Last night, I found myself with a raw chicken again for the third time in my life. It is becoming a little less terrifying; I grasped the meat and bones with confidence, if not hunger. I skinned and pulled and as I worked, my thoughts went in a directions I didn't expect. I felt
Gratitude. I thought about the animal whose body I was turning into food, and about how I sit on top of the food chain heap and this animal did not. I thought about how this animal turns grass and grain and bugs into sustenence, something I could not do (grass and bugs, since it was an organic free-range chicken). And even though I have yet to really like the taste of its meat, I thought about lucky I am to have such a food: unlike the soy I've consumed much of my life and will no longer, chicken - having a long long history of being consumed, and healthful - is part of the natural (albeit domesticated) food chain we have evolved to eat and prosper from.

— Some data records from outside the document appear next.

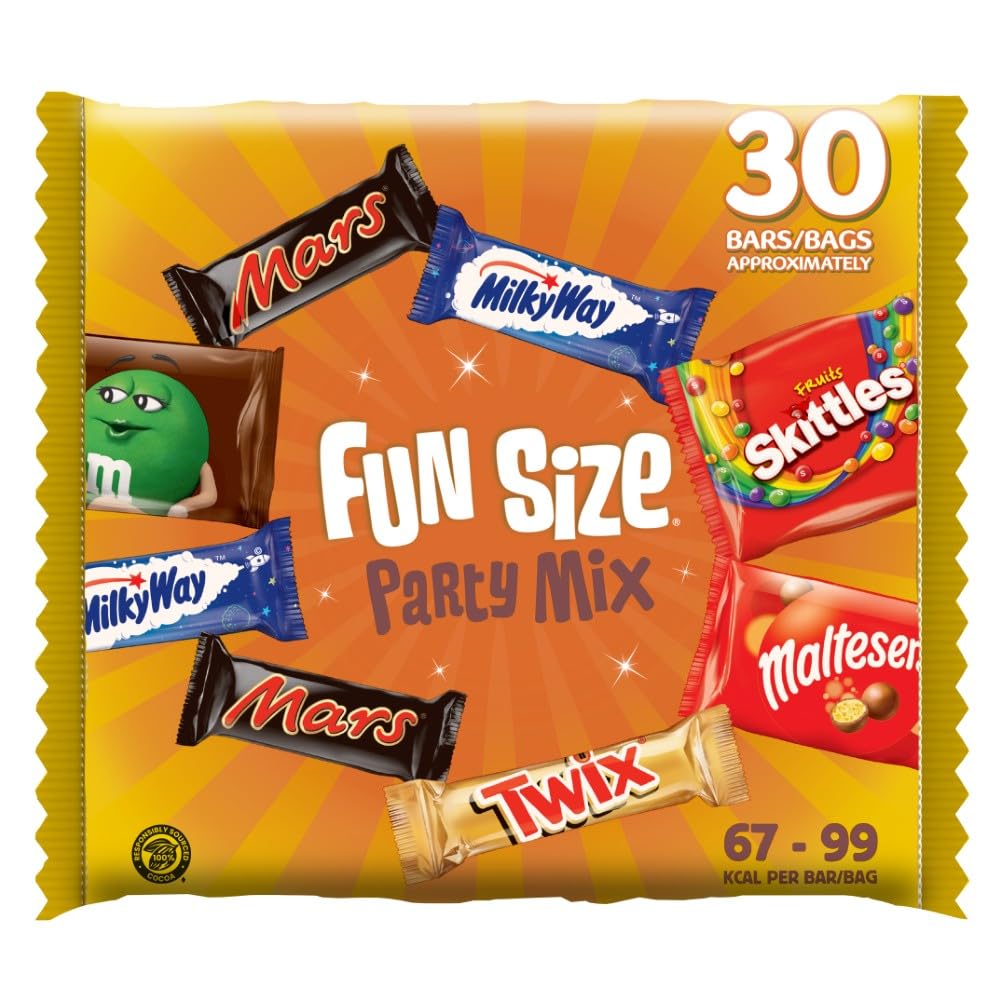 Mixed Minis Bag, 30 Mini Chocolate Bar Snacks (Mars, Twix, Milky Way, Maltesers, Skittles, M&Ms), Chocolate, Sweets Gift Box, Ideal for Gift, Snacks or Party Bags (540g)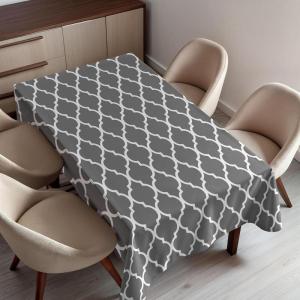 Ambesonne Christmas Tablecloth, Ornamental White Snowflakes in Various Styles Cold Winter Season, Rectangular Table Cover for Dining Room Kitchen Decor, 60″ X 90″,Blue Navy(Grey)
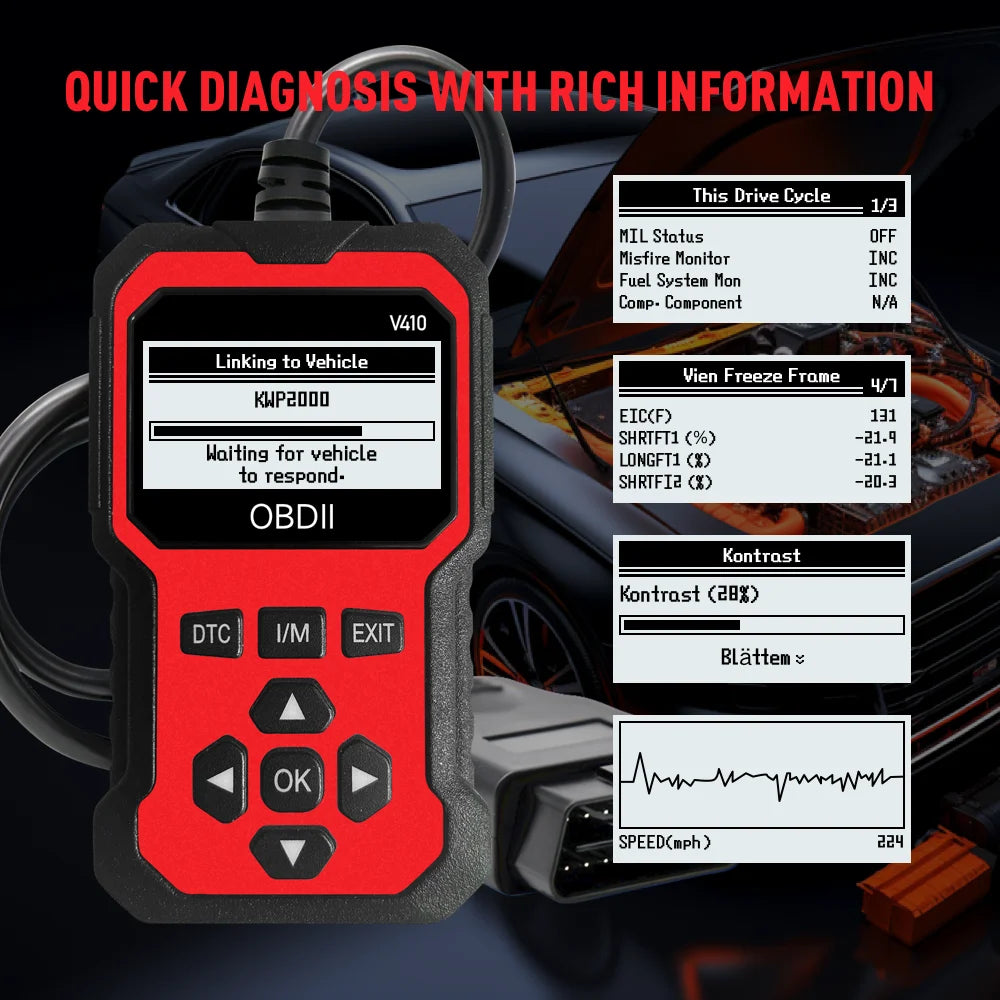 Universal OBD-II Engine Diagnostic Scanner – Read & Clear Codes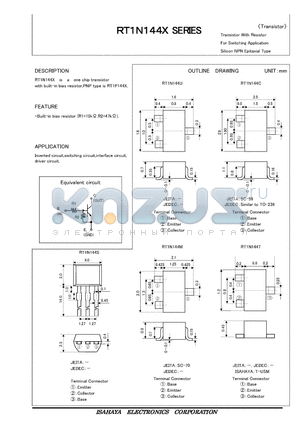 RT1N144C datasheet - Transistor With Resistor For Switching Application Silicon NPN Epitaxial Type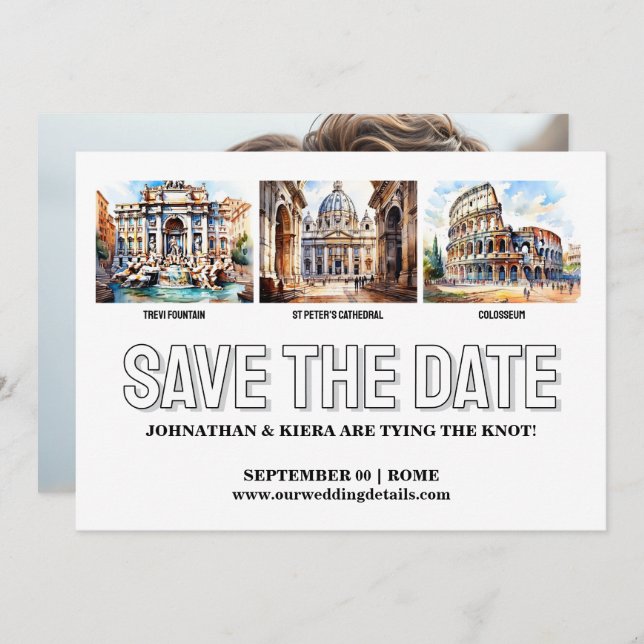Rome photo save the date wedding destination invitation (Front/Back)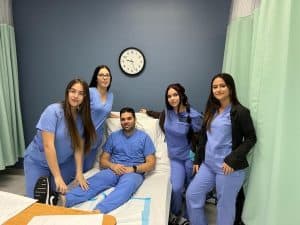 Practical Nursing students practicing their skills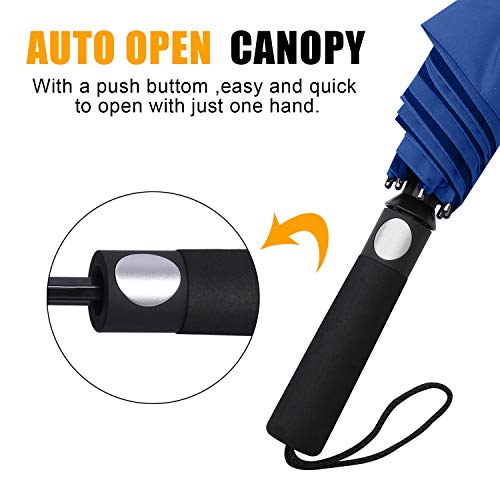 Image of G4Free 62 inch Portable Golf Umbrella Automatic Open Large Oversize Vented Double Canopy Windproof Waterproof Sport Umbrellas | Windproof Heavy Duty Umbrella, Automatic Open, Sport Umbrella, Durable, Waterproof Stick Umbrella, for Rain, for 2 People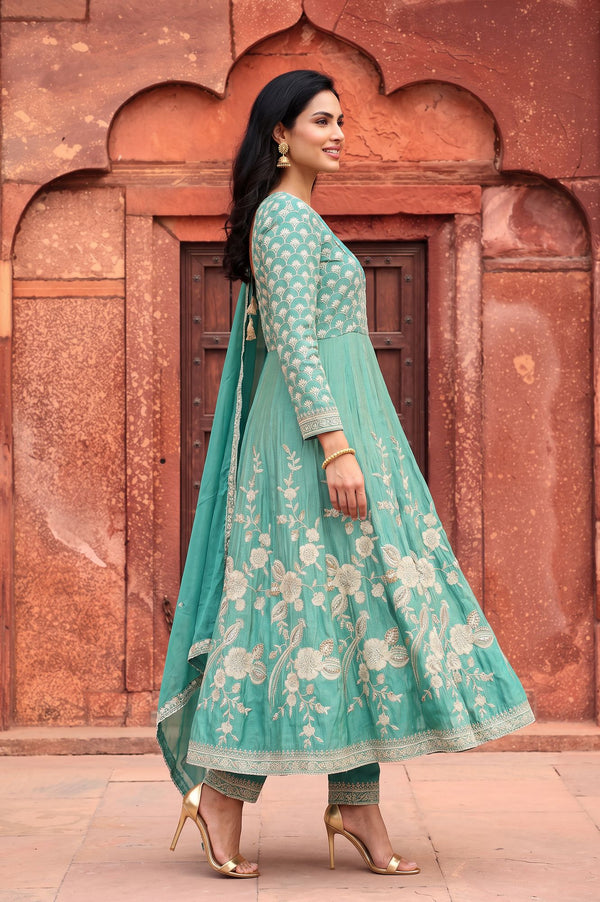 Teal Zari Embroidered Tissue Anarkali Kurta with Trouser and Dupatta Set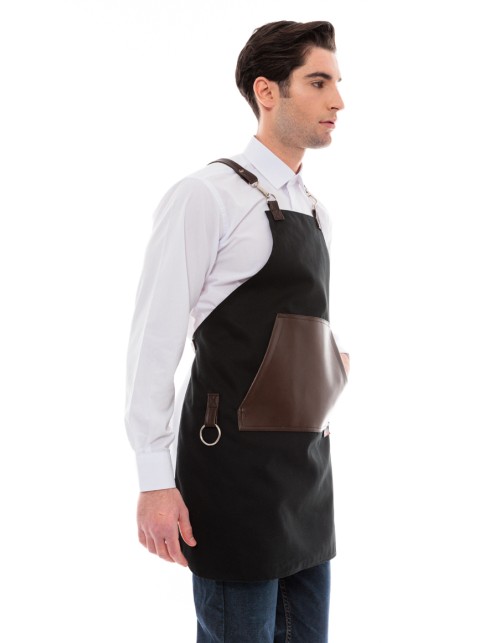 Μαύρη Ποδιά Unisex Barista Στηθούρι - Από Καμβά Ύφασμα & Καφέ Μάρσιπο Vegan Leather Τσέπη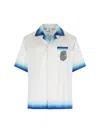 Casablanca White Shirt With Cuban Collar And Maxi Logo Printed On The Back In Silk Man In White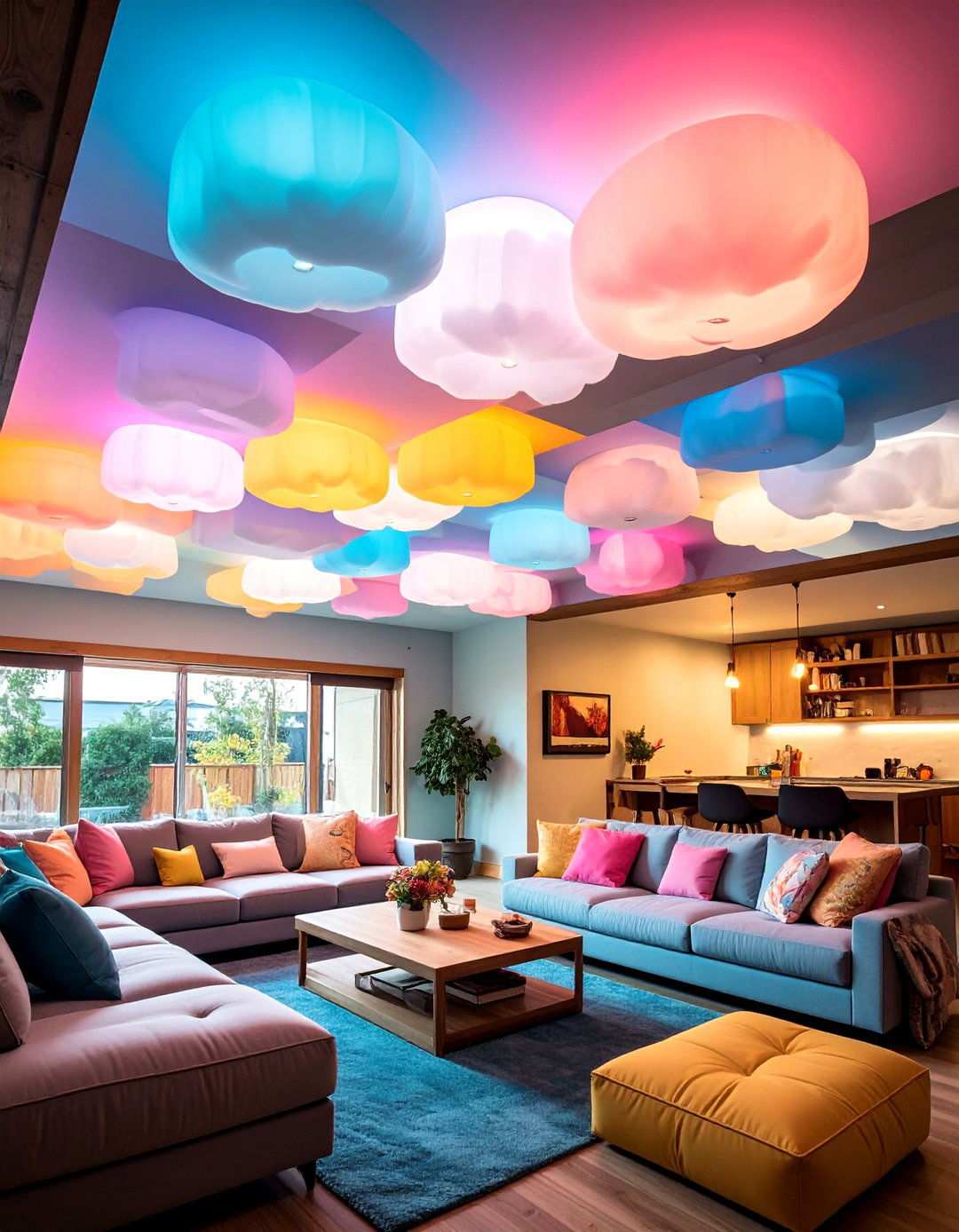 Photo Printed Panels Personalize the Ceiling - 20 Basement Drop Ceiling Ideas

I was very nearly praying, cutting the meat from the bone. It feels so very far away from where I have known. And I suppose like moving to a new city, it will feel more like home when I can regard where I am (preparing meat) and see a history (of meals). Right now I am in a place where I have no memories.
My reading in Omnivore's Dilemma last night brought up a very interesting thought, which I'll attempt to condense: Salmon, widely regarded as a good source of omega-3s, is now being engineered to eat, as the author so frequently says, the government-sponsored "surplus of cheap commodity corn." Consequently, the abandonment of its natural diet (algae, phytoplankton) has led to a sharp reduction in farmed salmon's omega-3 content. Conversely, beef -when fed on its natural diet, grass- has a higher omega-3 content. The day will come when people seeking balanced sources of omega-3s will routinely choose pastured beef over farmed salmon. And think about how seasonal true wild salmon is. You're not eating that fresh all year. It's a real paradigm shift, right?
There is also preliminary research suggesting that the so-called "problems" with eating red meat are actually problems with what the meat ate. Modern cultures eating huge quantities of pastured red meat do not suffer the ailments we associate with our meat here, which is overwhelming from animals selectively bred for their ability to best tolerate a diet they would never select on their own. Turns out, maybe it's not about what you eat, so much as what your food ate.
Additionally, I'd never thought about meat being a seasonal food. Ever. But in looking through eatwild.com I discovered that several nearby farms only sell their beef after it's been pastured on grass all summer. Chicken is a warm-weather food. Who knew?
The answer is, everybody knew. Before we forgot.